[Stored records]
#####

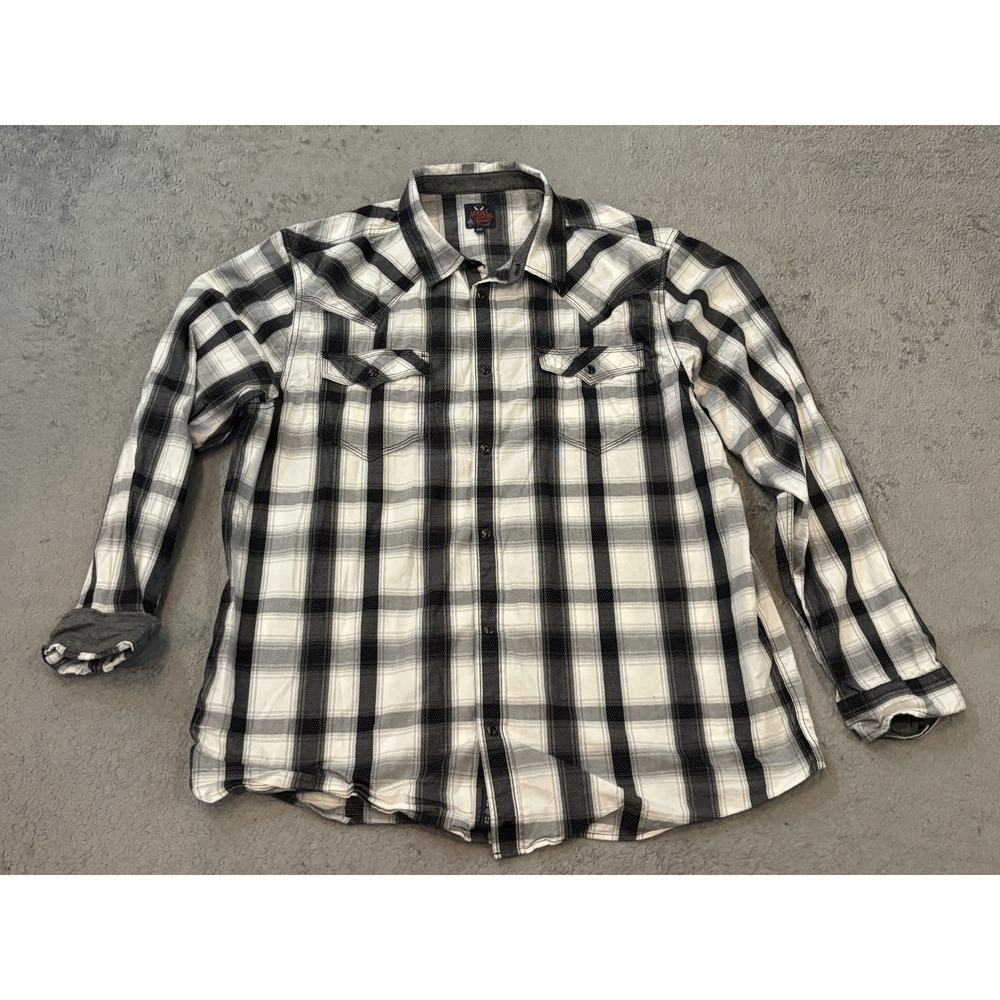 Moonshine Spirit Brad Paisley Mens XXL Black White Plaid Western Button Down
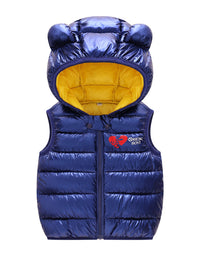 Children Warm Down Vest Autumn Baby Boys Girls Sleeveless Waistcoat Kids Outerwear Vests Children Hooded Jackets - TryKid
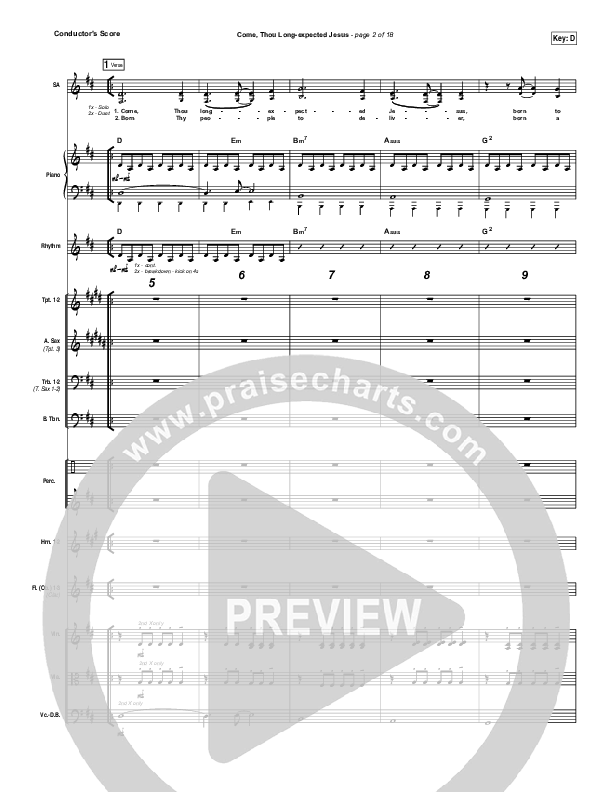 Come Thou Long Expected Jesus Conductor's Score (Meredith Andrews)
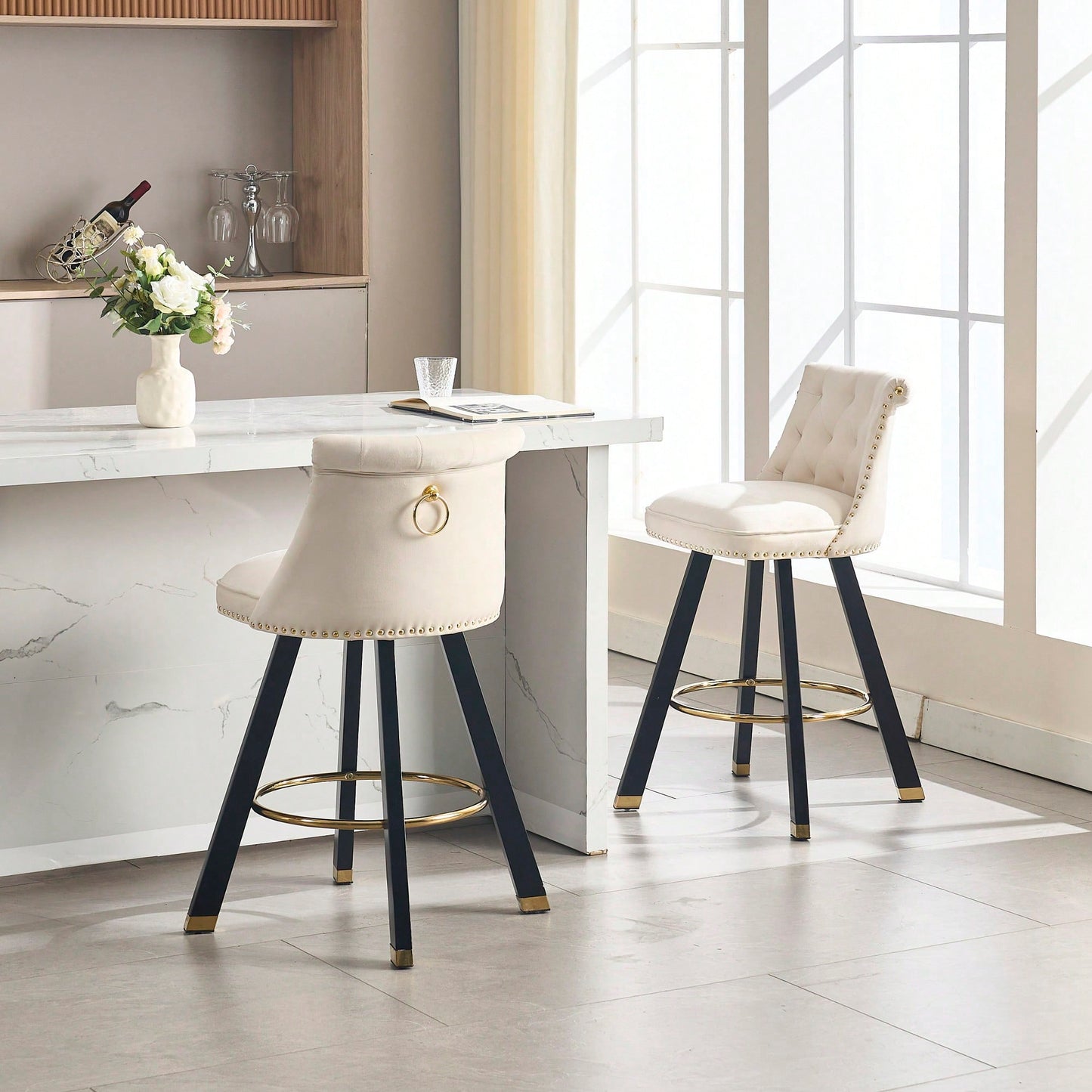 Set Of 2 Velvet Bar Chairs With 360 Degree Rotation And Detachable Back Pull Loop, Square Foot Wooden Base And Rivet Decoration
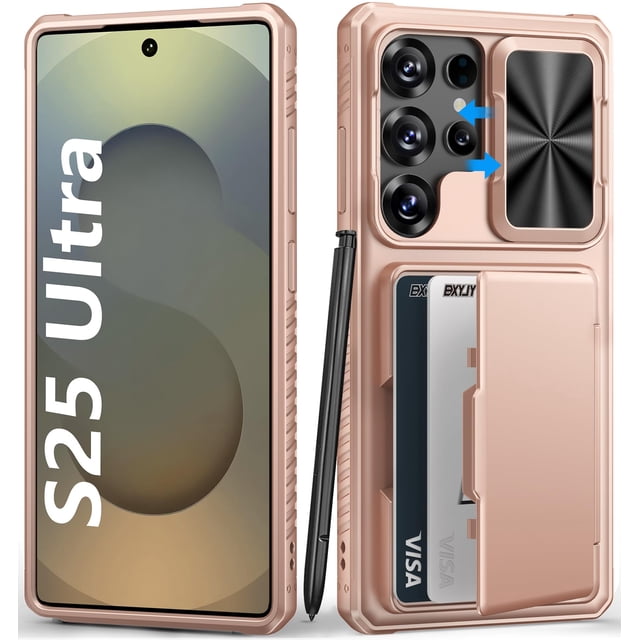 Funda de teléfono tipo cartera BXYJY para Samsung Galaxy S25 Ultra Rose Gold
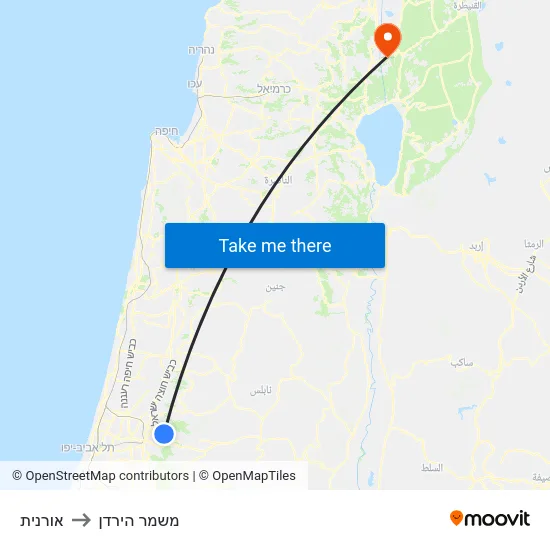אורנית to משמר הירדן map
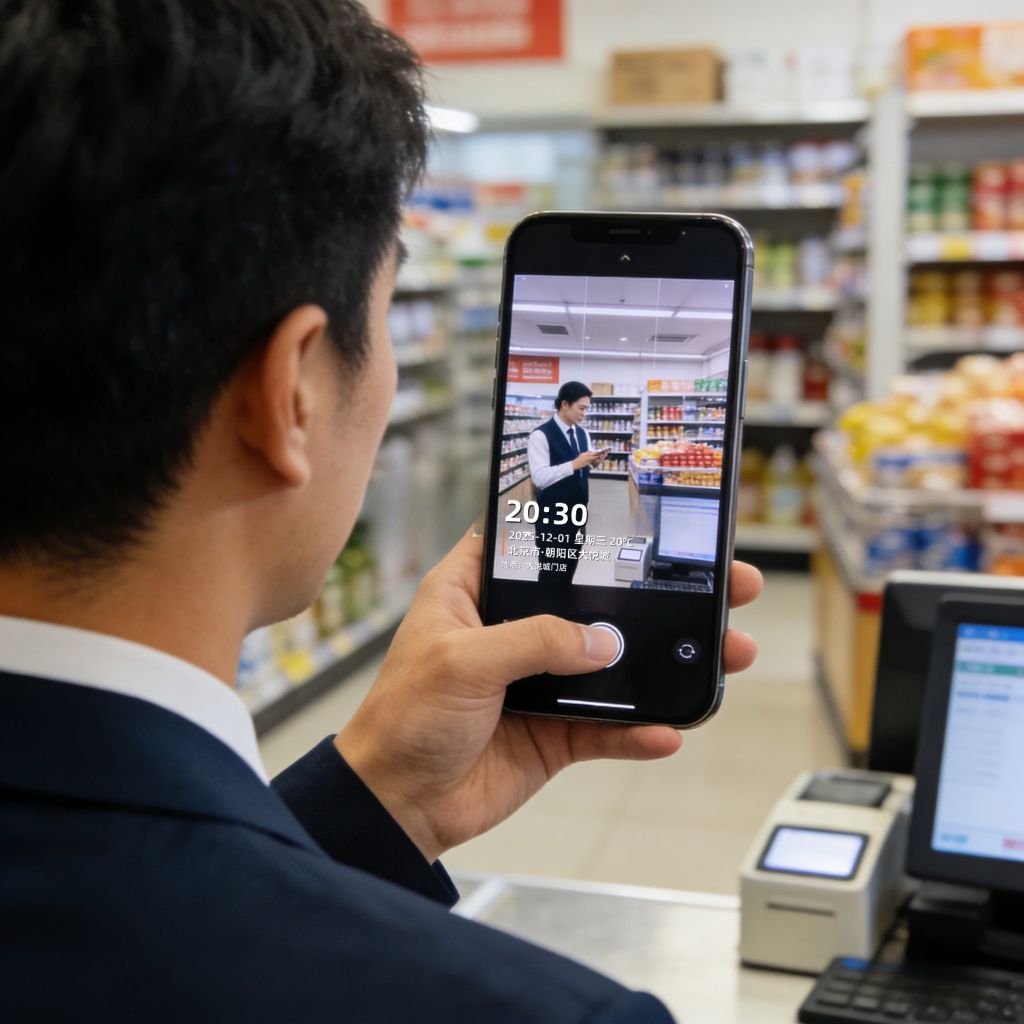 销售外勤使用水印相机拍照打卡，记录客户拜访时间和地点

#####

_Exercise instructions:_ Nothing but the records, restated word for word and stripped of images, belongs in the answer.

_Answer to this problem:_
 Moonshine Spirit Brad Paisley Mens XXL Black White Plaid Western Button Down
 Children Warm Down Vest Autumn Baby Boys Girls Sleeveless Waistcoat Kids Outerwear Vests Children Hooded Jackets - TryKid
 Come Thou Long Expected Jesus Conductor's Score (Meredith Andrews)
 Set Of 2 Velvet Bar Chairs With 360 Degree Rotation And Detachable Back Pull Loop, Square Foot Wooden Base And Rivet Decoration
 Funda de teléfono tipo cartera BXYJY para Samsung Galaxy S25 Ultra Rose Gold
אורנית to משמר הירדן map
 销售外勤使用水印相机拍照打卡，记录客户拜访时间和地点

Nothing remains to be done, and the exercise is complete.